Nach welchen Paragraphen im Strafgesetztbuch wird geurteilt?
Danke für die Information
Hallo
ob eine
Darlehensvergabe zum Vergabezeitpunkt ohne Erlaubnis nach § 54
Abs. 1 Nr. 2 KWG.
eine Straftat oder Ordnungswidrikeit ist?
In § 56 sind die OWis aufgezählt, § 32 I fehlt dort. Ein Verstoß gegen § 32 I Satz 1 ist somit (und nach der Strafandrohung in § 54) auf jeden Fall eine Straftat.
Nach welchen Paragraphen im Strafgesetztbuch wird geurteilt?
Nach keinem. Es wird nach § 54 KWG verurteilt - das ist Nebenstrafrecht.
Gruß
smalbop
Hallo,
danke für die Antwort.
Mich würde noch interessieren, wie es sich mit Gerichtsurteilen verhält, die auf Basis von so einer Nebenstraftat gefällt wurden.
Als Beispiel:
Einem Mann A wurde ein Darlehen gewährt von einem Unternehmen, dass zu diesem Zeitpunkt keine Zulassung zur Kreditvergabe hatte.
Kann das Gericht auf Rückzahlung verurteilen? Bzw. mal angenommen, die neue Erkenntnis, dass die Gesellschaft keine Zulassung hatte kommt nach Urteilssprechung heraus.

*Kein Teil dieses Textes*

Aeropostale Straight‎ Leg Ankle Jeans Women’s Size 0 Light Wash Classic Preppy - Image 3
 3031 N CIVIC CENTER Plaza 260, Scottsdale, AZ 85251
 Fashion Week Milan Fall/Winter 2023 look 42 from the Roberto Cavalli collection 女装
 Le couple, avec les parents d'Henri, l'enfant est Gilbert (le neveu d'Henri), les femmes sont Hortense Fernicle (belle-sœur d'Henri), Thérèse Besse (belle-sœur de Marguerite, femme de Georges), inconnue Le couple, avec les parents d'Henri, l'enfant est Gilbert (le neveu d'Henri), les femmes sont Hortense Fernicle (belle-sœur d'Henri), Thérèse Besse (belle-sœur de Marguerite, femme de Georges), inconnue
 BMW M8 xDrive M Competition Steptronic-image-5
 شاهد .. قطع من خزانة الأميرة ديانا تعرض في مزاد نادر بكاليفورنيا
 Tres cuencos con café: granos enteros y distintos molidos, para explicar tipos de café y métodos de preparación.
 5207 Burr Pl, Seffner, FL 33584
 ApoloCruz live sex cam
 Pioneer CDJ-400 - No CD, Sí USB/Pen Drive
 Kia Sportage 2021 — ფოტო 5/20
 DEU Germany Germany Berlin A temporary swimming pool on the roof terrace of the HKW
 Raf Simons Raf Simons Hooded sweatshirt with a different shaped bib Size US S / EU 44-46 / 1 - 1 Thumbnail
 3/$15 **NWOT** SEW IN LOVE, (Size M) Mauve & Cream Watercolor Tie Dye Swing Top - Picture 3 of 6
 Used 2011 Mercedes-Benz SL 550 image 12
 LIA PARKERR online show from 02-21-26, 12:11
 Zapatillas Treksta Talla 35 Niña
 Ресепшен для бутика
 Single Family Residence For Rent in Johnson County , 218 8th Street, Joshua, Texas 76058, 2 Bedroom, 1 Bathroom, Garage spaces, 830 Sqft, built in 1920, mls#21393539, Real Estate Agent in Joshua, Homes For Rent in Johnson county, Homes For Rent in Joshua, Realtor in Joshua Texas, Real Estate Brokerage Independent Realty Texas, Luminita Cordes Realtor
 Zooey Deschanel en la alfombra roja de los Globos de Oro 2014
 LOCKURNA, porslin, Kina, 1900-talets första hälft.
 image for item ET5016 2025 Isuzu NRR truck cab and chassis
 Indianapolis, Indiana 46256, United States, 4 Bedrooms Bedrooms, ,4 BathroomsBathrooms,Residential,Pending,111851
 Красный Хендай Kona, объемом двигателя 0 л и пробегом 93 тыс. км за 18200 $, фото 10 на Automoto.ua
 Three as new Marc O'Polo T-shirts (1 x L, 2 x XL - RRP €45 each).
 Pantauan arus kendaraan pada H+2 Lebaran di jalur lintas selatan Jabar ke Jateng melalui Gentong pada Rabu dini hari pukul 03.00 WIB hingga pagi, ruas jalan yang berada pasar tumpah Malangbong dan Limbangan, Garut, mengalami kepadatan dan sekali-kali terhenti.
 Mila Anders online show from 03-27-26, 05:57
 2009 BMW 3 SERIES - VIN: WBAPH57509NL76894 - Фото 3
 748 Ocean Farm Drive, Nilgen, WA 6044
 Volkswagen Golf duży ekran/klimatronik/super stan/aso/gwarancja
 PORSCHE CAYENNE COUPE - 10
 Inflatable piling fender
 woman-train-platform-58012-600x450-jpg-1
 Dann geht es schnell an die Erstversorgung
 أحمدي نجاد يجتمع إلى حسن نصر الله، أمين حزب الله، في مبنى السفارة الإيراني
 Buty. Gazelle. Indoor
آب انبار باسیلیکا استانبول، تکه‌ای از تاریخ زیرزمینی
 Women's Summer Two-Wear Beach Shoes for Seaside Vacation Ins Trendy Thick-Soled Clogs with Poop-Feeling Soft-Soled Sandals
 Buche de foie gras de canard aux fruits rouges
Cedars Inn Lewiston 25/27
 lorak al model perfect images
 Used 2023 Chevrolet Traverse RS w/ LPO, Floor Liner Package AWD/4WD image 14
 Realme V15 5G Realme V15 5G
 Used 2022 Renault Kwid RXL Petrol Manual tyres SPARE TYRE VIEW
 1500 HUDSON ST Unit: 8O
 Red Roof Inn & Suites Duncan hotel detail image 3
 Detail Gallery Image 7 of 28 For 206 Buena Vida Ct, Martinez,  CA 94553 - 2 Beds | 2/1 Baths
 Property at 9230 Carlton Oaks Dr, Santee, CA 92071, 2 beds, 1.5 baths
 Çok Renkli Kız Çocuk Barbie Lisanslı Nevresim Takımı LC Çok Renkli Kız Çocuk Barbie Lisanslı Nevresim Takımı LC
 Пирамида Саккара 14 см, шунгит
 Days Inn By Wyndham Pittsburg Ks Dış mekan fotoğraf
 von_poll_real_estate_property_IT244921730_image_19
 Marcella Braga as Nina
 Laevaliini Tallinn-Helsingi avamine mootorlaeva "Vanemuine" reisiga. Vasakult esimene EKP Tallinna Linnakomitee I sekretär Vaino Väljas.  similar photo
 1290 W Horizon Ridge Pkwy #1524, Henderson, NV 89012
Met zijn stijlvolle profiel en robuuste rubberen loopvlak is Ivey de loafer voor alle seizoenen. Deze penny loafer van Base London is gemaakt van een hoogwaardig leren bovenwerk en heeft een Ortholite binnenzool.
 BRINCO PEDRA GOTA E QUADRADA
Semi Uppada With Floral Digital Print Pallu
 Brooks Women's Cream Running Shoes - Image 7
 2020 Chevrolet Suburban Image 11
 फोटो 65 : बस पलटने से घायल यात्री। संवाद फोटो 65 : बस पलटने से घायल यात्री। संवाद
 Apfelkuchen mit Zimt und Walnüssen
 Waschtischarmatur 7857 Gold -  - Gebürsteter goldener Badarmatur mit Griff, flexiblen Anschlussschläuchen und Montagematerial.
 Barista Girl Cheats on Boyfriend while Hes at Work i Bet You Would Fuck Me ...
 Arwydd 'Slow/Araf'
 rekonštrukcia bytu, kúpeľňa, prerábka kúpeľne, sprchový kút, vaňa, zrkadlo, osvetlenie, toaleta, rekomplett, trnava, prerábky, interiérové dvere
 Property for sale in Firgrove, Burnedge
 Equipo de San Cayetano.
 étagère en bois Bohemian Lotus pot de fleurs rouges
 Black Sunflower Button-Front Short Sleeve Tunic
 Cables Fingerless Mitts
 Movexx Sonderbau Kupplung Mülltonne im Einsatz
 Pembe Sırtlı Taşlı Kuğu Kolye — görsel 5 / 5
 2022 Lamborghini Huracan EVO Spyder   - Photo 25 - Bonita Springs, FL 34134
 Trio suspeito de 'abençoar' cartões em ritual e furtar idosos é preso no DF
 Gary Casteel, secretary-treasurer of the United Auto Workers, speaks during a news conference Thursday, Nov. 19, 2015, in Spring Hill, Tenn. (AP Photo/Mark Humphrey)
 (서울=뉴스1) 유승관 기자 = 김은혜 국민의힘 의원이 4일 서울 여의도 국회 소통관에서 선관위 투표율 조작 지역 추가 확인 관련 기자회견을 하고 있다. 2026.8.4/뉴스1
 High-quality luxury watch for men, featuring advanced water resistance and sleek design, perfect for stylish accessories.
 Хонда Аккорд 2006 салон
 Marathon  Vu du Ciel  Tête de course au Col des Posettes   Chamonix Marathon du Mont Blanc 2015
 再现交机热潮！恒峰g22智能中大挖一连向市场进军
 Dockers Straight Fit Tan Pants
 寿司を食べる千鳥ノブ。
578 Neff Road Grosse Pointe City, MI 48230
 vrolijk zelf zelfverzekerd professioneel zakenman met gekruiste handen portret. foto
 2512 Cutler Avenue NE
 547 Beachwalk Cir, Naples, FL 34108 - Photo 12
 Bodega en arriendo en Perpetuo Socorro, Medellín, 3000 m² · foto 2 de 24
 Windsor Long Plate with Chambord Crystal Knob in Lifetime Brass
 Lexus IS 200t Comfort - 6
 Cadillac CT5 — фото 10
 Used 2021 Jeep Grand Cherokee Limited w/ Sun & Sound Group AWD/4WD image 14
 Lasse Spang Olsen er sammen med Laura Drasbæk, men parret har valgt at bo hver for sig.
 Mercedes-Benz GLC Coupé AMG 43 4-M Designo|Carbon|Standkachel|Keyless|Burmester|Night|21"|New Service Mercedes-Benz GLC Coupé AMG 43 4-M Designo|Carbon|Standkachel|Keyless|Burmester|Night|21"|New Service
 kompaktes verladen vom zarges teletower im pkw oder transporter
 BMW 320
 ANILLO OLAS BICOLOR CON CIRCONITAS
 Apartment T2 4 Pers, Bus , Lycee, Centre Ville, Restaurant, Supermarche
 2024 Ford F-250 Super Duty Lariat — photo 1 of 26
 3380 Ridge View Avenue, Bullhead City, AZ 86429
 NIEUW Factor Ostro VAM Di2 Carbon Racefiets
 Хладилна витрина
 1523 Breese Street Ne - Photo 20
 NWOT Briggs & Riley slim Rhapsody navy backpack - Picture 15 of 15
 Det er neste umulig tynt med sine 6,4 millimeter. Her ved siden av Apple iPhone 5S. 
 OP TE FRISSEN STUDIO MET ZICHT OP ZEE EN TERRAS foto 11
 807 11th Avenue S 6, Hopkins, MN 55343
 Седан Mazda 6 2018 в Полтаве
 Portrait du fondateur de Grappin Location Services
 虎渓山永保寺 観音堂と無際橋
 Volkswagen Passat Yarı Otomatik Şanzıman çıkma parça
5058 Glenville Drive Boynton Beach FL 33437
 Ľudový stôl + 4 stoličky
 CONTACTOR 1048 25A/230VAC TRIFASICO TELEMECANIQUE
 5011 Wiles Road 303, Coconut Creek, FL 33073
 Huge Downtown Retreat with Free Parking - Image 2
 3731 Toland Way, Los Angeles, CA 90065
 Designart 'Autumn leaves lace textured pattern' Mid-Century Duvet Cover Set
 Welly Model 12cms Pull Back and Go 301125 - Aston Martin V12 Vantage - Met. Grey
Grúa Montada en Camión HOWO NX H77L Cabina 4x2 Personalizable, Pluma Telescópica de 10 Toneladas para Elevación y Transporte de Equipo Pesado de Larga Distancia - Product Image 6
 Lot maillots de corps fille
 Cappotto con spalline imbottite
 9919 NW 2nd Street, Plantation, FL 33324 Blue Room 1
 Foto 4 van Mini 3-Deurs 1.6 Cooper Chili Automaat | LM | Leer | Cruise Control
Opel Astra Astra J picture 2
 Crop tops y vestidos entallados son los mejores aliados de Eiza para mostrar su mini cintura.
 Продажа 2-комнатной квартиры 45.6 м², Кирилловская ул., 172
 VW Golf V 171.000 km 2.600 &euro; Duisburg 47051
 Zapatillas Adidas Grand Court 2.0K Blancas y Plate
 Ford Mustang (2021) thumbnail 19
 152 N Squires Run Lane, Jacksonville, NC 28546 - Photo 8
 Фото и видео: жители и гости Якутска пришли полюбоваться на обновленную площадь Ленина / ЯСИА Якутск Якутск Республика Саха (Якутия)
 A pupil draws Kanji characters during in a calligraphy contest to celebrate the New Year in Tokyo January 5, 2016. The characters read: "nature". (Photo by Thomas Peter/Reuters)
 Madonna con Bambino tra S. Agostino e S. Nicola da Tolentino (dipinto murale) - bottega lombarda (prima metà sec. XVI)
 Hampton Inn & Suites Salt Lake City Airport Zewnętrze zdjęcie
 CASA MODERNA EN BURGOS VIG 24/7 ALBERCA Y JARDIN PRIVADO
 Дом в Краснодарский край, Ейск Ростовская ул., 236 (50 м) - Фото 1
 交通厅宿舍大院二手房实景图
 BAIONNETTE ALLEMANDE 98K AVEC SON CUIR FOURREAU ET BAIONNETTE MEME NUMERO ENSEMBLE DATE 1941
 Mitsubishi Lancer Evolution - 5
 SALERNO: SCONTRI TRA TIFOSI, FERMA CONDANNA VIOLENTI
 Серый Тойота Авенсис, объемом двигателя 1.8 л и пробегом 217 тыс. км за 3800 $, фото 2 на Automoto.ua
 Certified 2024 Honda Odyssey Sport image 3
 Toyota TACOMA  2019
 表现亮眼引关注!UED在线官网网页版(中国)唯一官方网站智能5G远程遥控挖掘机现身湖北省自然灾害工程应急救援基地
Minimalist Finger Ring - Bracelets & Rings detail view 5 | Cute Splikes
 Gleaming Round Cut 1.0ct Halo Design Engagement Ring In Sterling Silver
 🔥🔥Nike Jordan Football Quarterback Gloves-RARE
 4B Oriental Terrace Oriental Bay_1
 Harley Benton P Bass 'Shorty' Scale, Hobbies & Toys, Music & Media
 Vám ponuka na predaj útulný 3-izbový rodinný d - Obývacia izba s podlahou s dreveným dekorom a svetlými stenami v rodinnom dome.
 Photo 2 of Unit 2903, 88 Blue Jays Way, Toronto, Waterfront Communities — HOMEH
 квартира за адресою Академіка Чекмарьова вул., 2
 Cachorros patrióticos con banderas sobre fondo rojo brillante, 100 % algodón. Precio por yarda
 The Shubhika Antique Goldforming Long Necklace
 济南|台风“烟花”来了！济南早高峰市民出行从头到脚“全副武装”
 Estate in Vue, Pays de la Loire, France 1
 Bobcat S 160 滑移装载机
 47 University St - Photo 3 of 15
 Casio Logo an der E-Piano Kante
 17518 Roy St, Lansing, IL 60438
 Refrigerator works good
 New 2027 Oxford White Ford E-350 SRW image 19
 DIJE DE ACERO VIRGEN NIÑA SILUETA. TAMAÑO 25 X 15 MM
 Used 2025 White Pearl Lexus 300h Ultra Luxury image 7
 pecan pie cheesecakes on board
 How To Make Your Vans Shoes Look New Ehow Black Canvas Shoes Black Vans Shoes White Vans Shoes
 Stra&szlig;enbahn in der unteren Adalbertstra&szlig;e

Ist das Urteil dann nichtig oder trotzdem gültig?
Wie verhält es sich mit dem Vertrag insgesamt? Ist der so zu sehen wie ein Schuldversprechen oder greift da anderes Recht?
„Es wird nach § 54 KWG verurteilt - das ist Nebenstrafrecht.“
Und wie sieht dann die Verurteilung aus? Ich kann nirgendwo was finden. Gibt es nur eine Geldzahlung und gut ist? Es handelt sich um einige tausend Fälle.